What you will do =>
Skip the pictures and write out, word for word, the lines below from the one with "213 Bald Eagle" through the one with "want-to-make-her-smile-which-are-the-best-gifts-for-mom-big-0", inclusive.

Supplied records =>
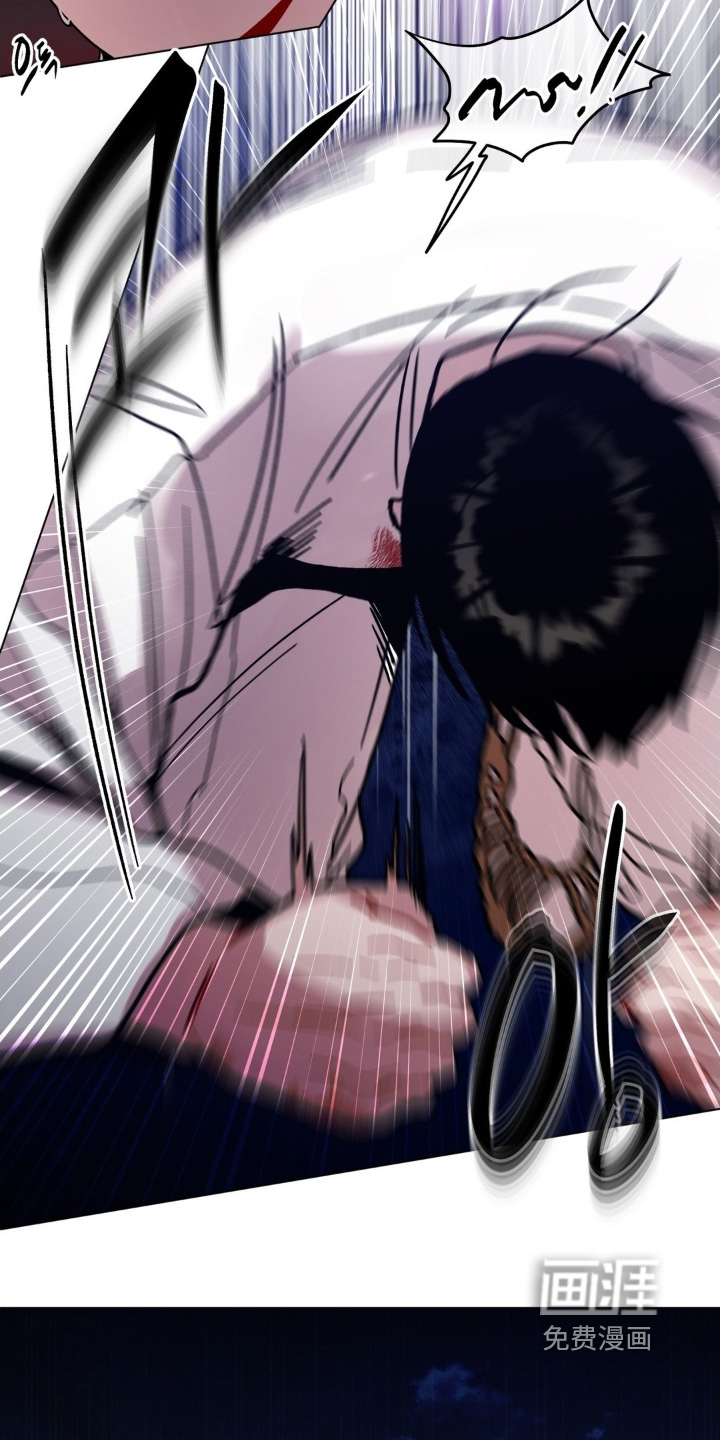 第165话4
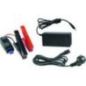 Power Pack 14.22 - 085206GYS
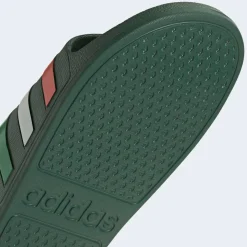 Adilette Aqua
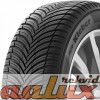 374246 QuadRaxer 3  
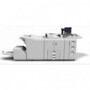 Ricoh PRO 907 Multifunctional High Speed Print Photocopier Machine
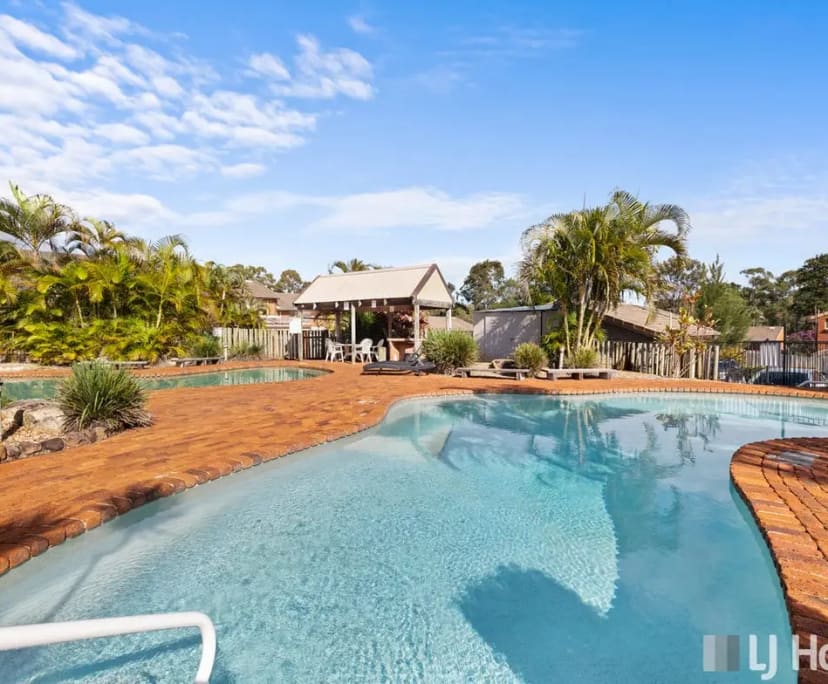 $310, Share-house, 2 bathrooms, Ormiston QLD 4160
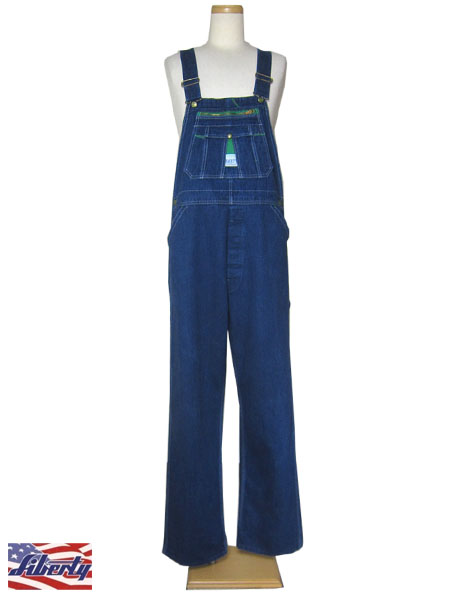 SEARS �f�j���I�[�o�[�I�[��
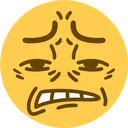 dudewhy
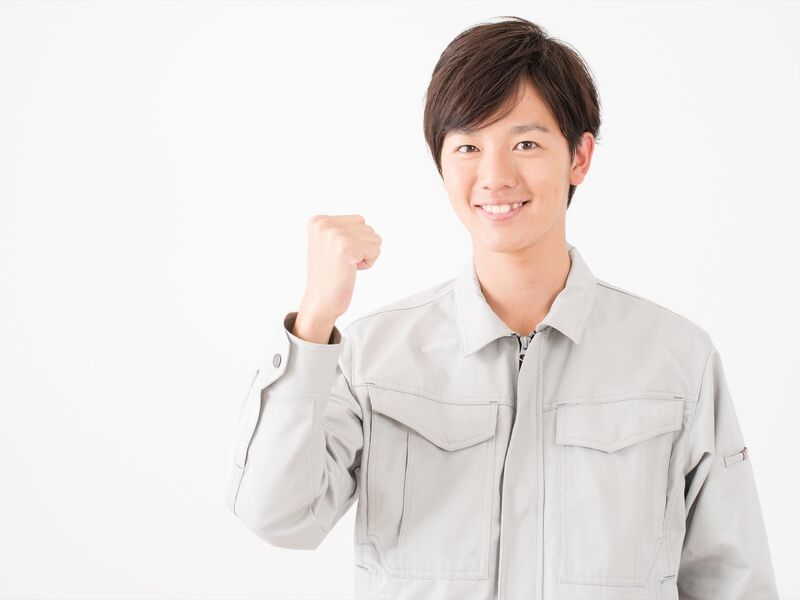 求人一覧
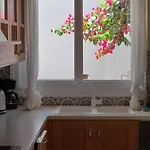 Diogenis Villa *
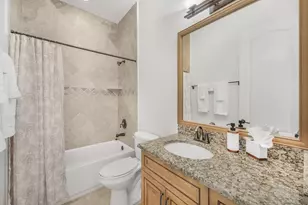 213 Bald Eagle Dr, Marco Island, FL 34145 - Photo 20
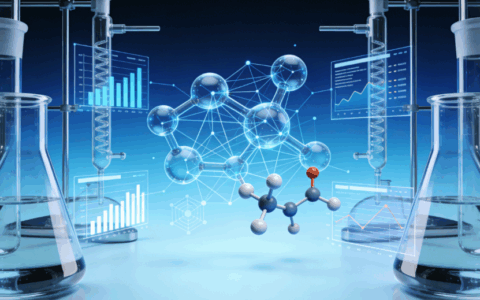 AI制药，2026十大预测！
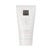 Body Cream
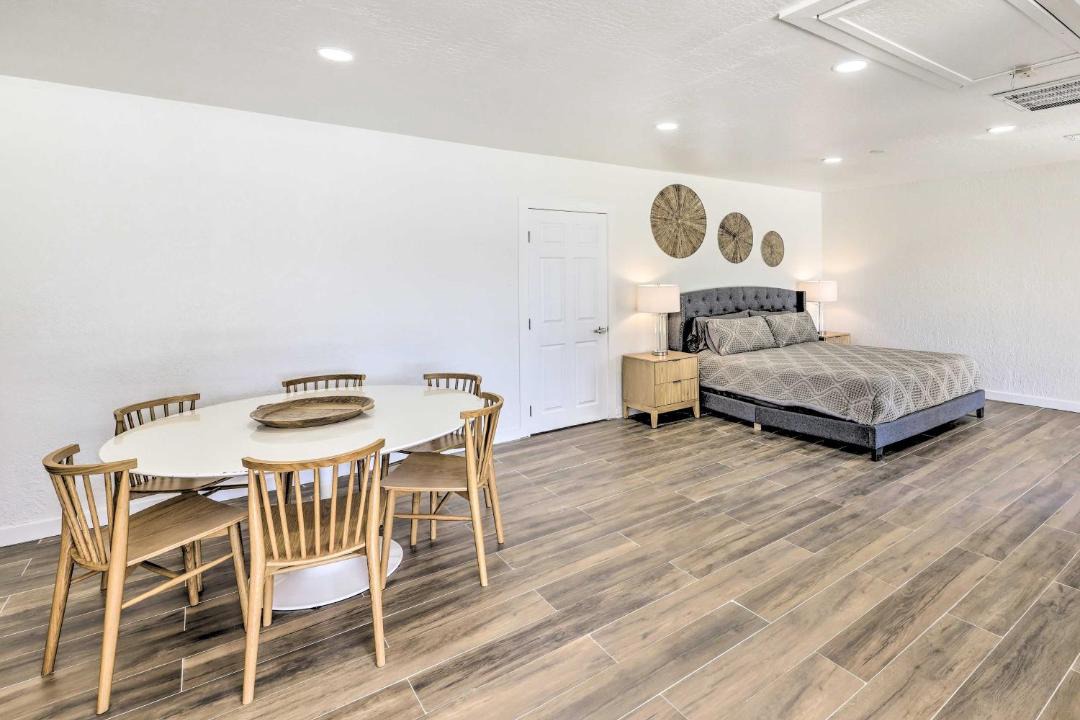 Photo of Livingroom in Glendale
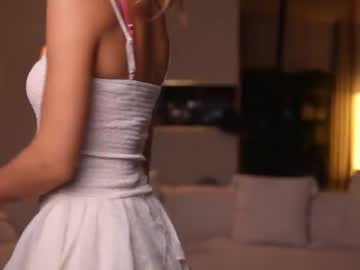 Foto erotica #4060620 pe KUR.ro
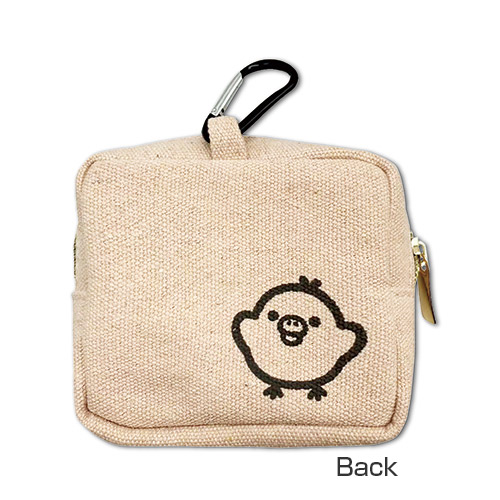 bN} Jrit~j|[`ĩAbvPhJERbN}j1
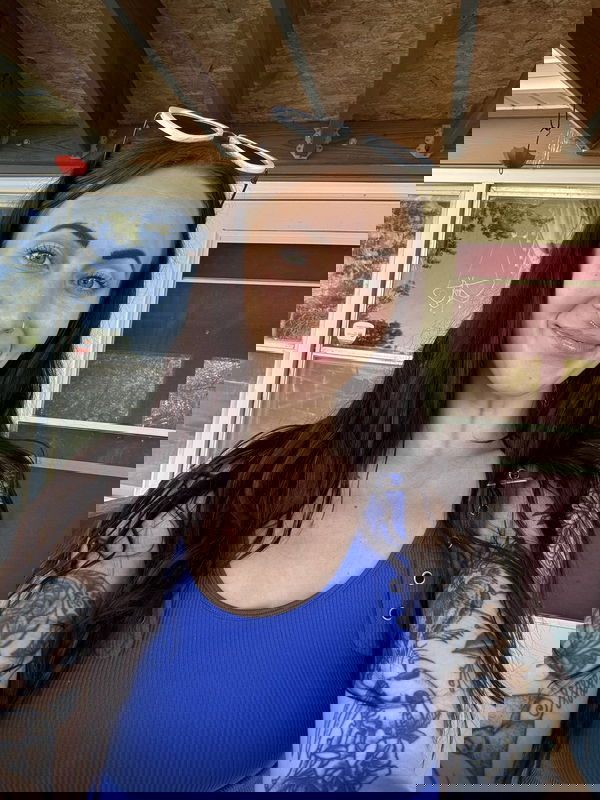 sophiabeliam2, 31 years old from United States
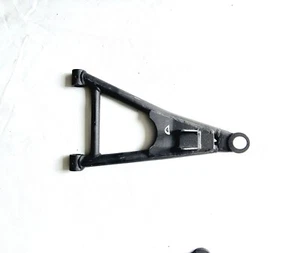 JOYNER BUGGY 650cc 800cc SUSPENSION A ARMS UPPER - Picture 1 of 1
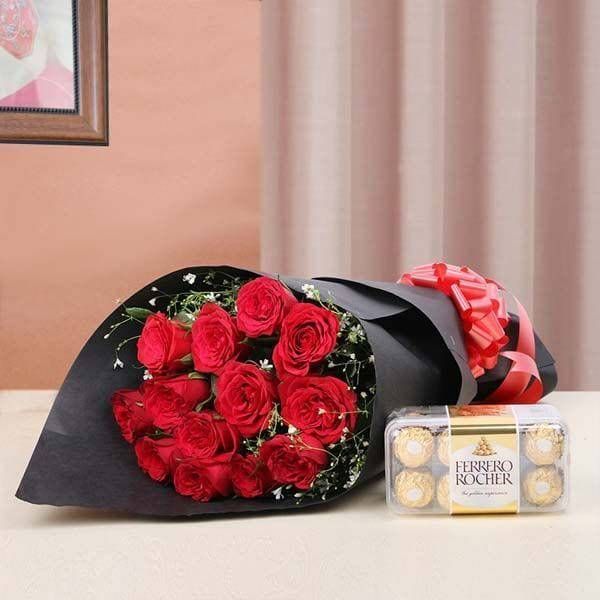 want-to-make-her-smile-which-are-the-best-gifts-for-mom-big-0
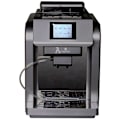 Miniatyrbillede 1 af 5: Acopino Superautomatisk Kaffemaskine Søvfarvet One Size / EU Plug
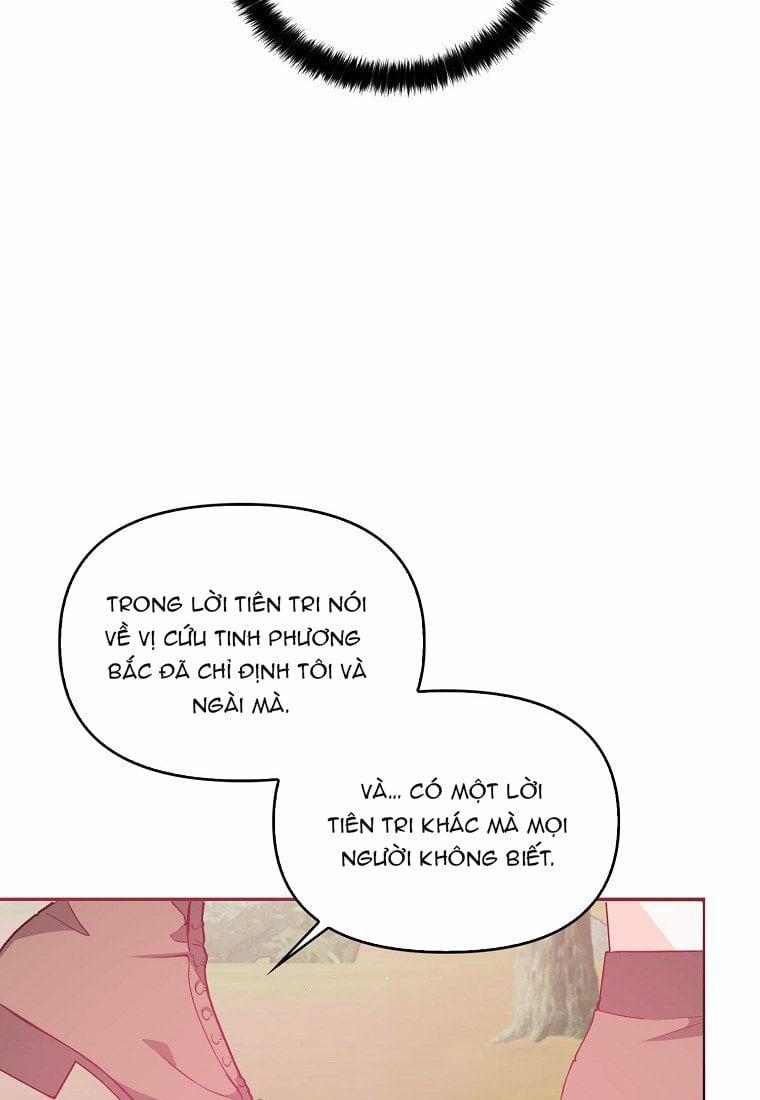 Em Gái Thân Yêu Của Công Tước Phản Diện 56 trang 46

Response =>
 213 Bald Eagle Dr, Marco Island, FL 34145 - Photo 20
 AI制药，2026十大预测！
 Body Cream
 Photo of Livingroom in Glendale
 Foto erotica #4060620 pe KUR.ro
 bN} Jrit~j|[`ĩAbvPhJERbN}j1
 sophiabeliam2, 31 years old from United States
 JOYNER BUGGY 650cc 800cc SUSPENSION A ARMS UPPER - Picture 1 of 1
 want-to-make-her-smile-which-are-the-best-gifts-for-mom-big-0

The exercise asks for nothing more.